### What is being asked
Whatever lies between the line that holds "Baggu Puffy Picnic Blanket- Green Star Plaid" and the final line of the records below, both included, should be repeated exactly; leave out the pictures and add nothing.

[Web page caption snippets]

○ ○ ○ ○

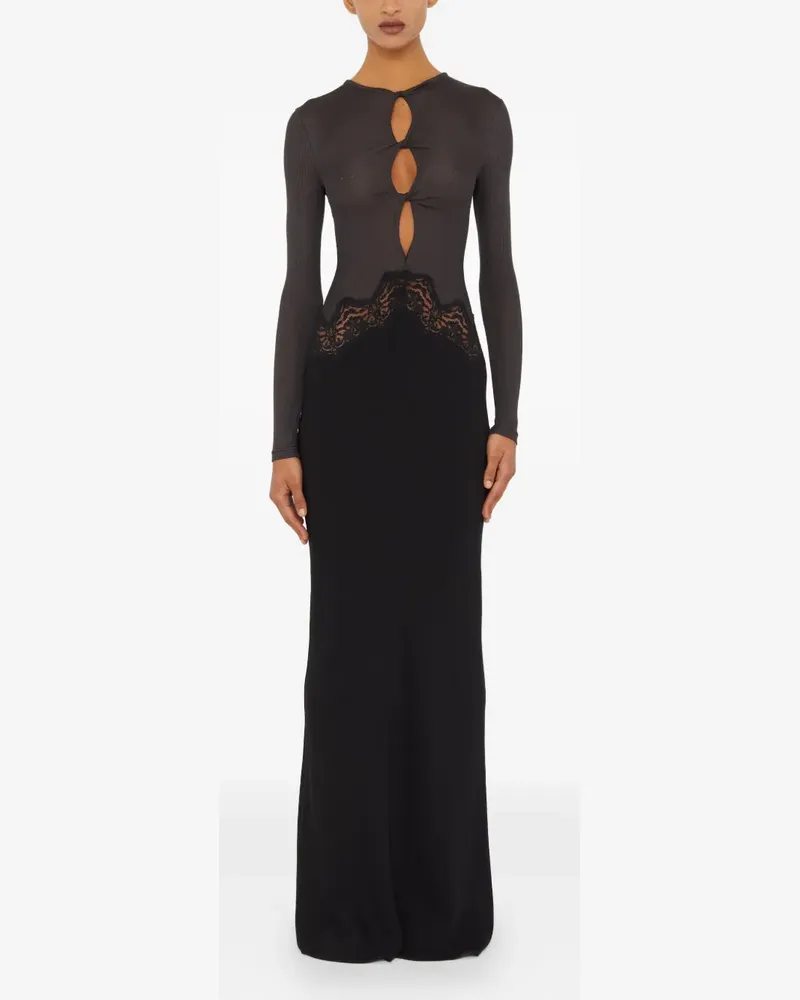 Christopher Esber Langärmeliges Twist Verner Maxikleid aus Spitze - Schwarz Schwarz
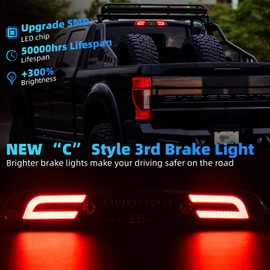 ATLEDLT LED Third Brake Light Compatible with F150 2015-2024 F250 F350 F450 F550 2017-2024 Super Duty 3rd Brake Cargo Lamp Clear Lens (ONLY Fits 3rd Brake Light With Cargo Bed Camera)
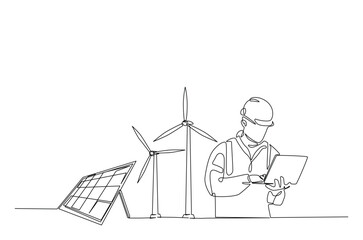 Engineer maintanence turbines wind generator with solar panel in continuous one line drawing. Single line art illustration of eco energy service..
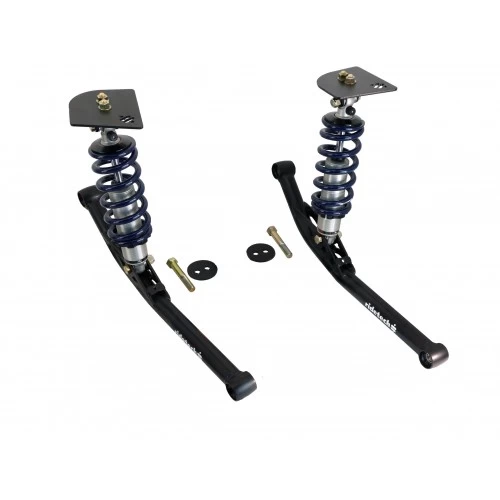 A pair of Rear Coil-Over UPGRADE | 1958-1964 Impala shocks and springs for a car.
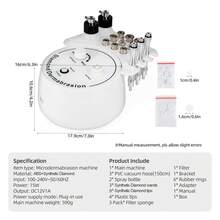 Foreverlily Máquina profesional de microdermoabrasión con diamante dispositivo de cuidado facial 3 en 1 para exfoliación, eliminación de puntos negros, antiarrugas, adecuado para uso en salones, personal y en el hogar (con adaptador) - Blanco - Ver 2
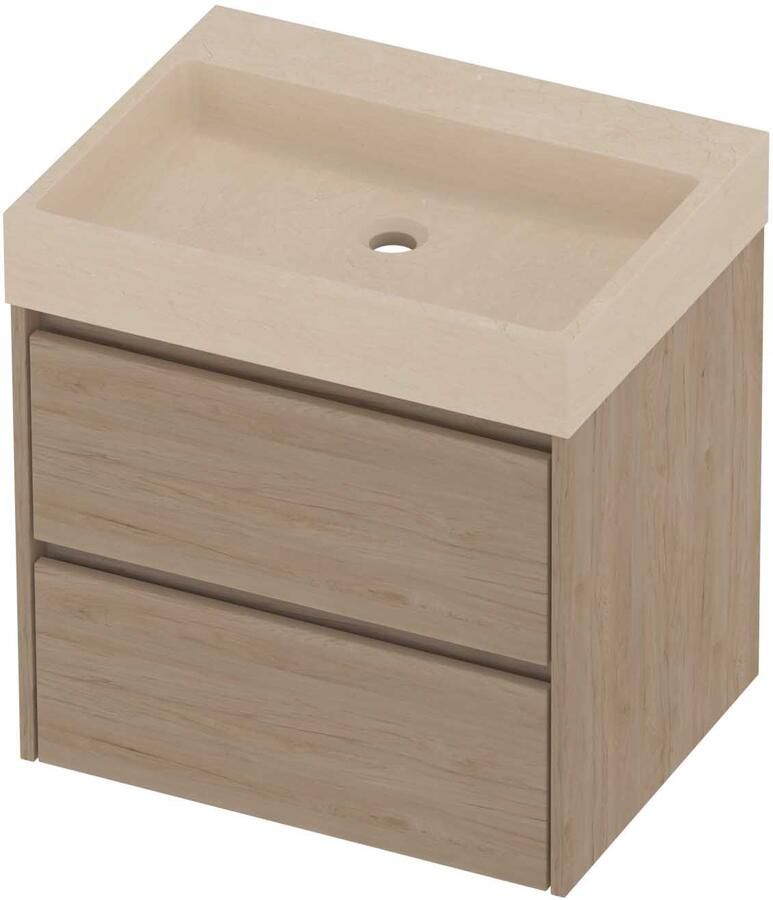 Proline Evoli Badmeubelset Hardsteen Loft 60x46x62 cm Sand Stone Ideal Oak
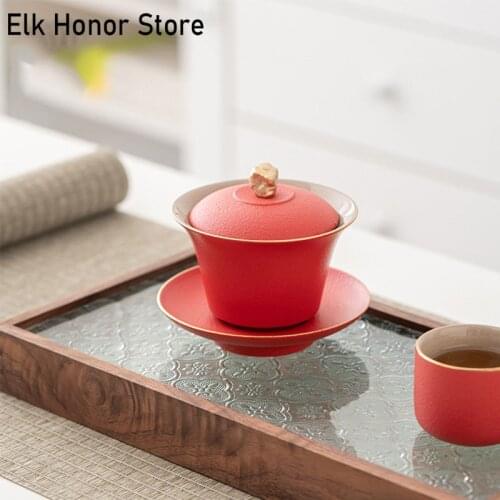 150ml Coarse Pottery Pure Color Sancai Tureen Master Cups Ceramic Bowl With Lid Creative Home Office Decoration Kung Fu Tea Set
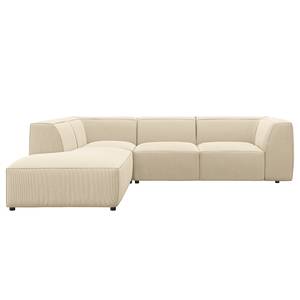 Ecksofa ALON mit Ottomane Cordstoff Snor: Beige - Ottomane davorstehend links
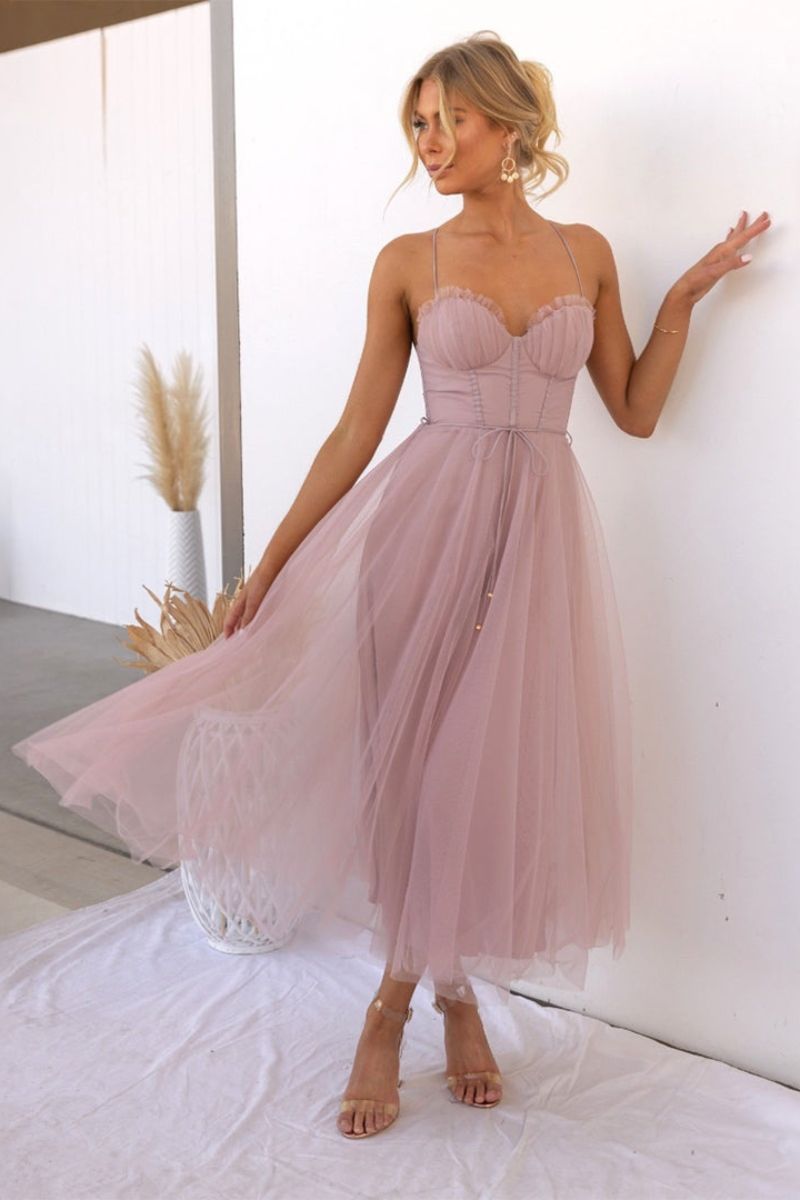 Corset Bodice Tulle Midi Dress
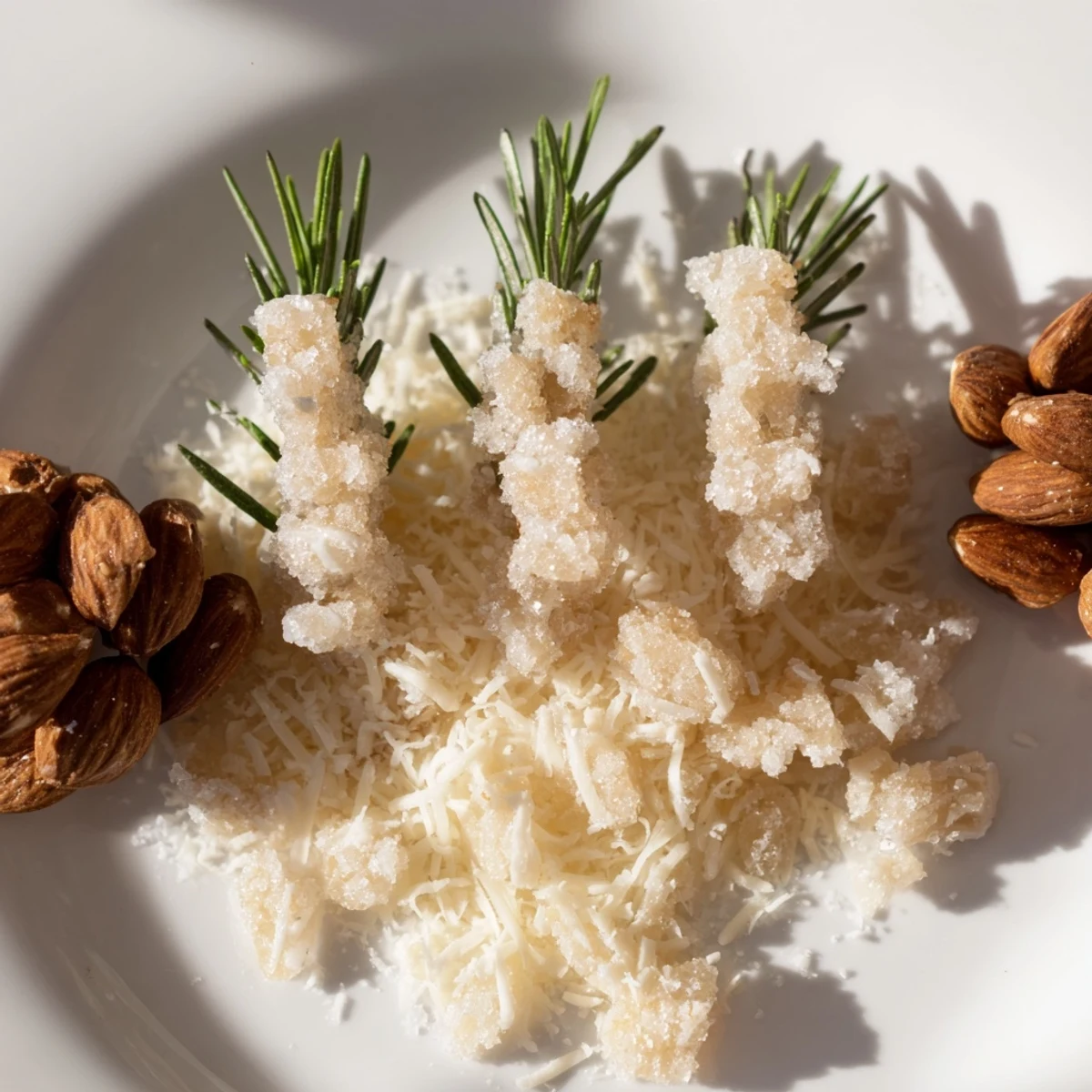 This visually stunning Frosted Pine appetizer showcases a winter wonderland cheese platter with almond pinecones and sugared rosemary.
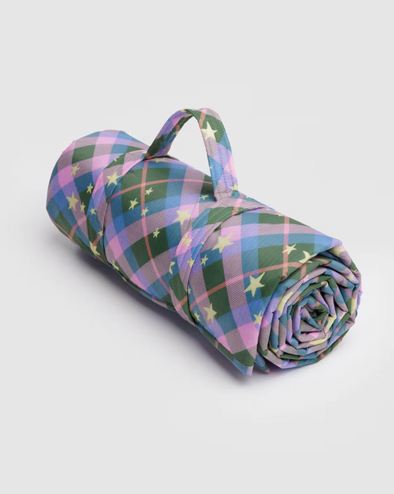 Baggu Puffy Picnic Blanket- Green Star Plaid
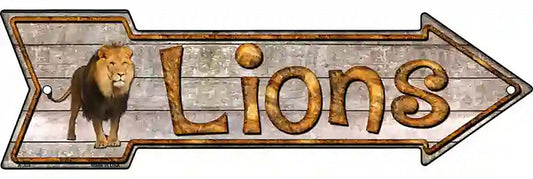 Lions Metal Arrow Sign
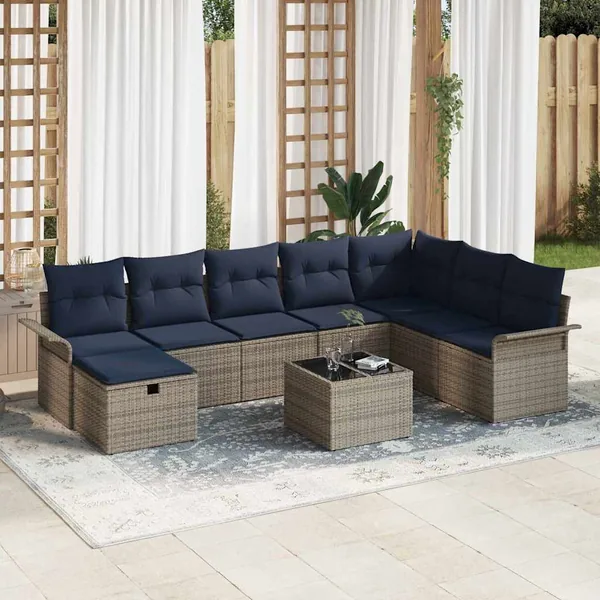 Ensemble de canapé de jardin 9 pcs Gris et marine polyrotin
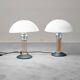 Pair of vintage Auras table lamps in glass, 1980s design, modernist
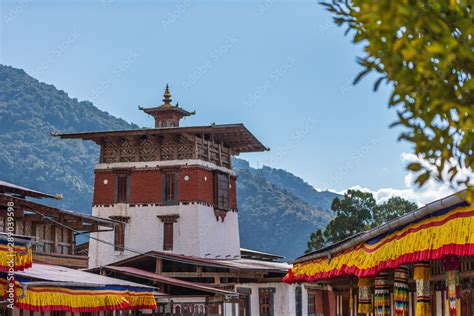 Inside Trongsa Dzong in Trongsa with blue sky Photos | Adobe Stock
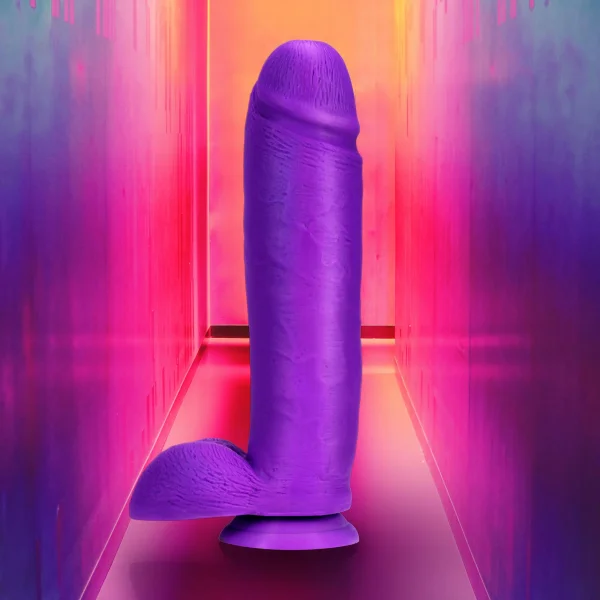 Neo Elite - 10-inch Silicone Dual-density Cock With Balls - Neon Purple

○ ○ ○ ○

### Written solution
 Baggu Puffy Picnic Blanket- Green Star Plaid
 Lions Metal Arrow Sign
 Ensemble de canapé de jardin 9 pcs Gris et marine polyrotin
 Pair of vintage Auras table lamps in glass, 1980s design, modernist
 Inside Trongsa Dzong in Trongsa with blue sky Photos | Adobe Stock
 Neo Elite - 10-inch Silicone Dual-density Cock With Balls - Neon Purple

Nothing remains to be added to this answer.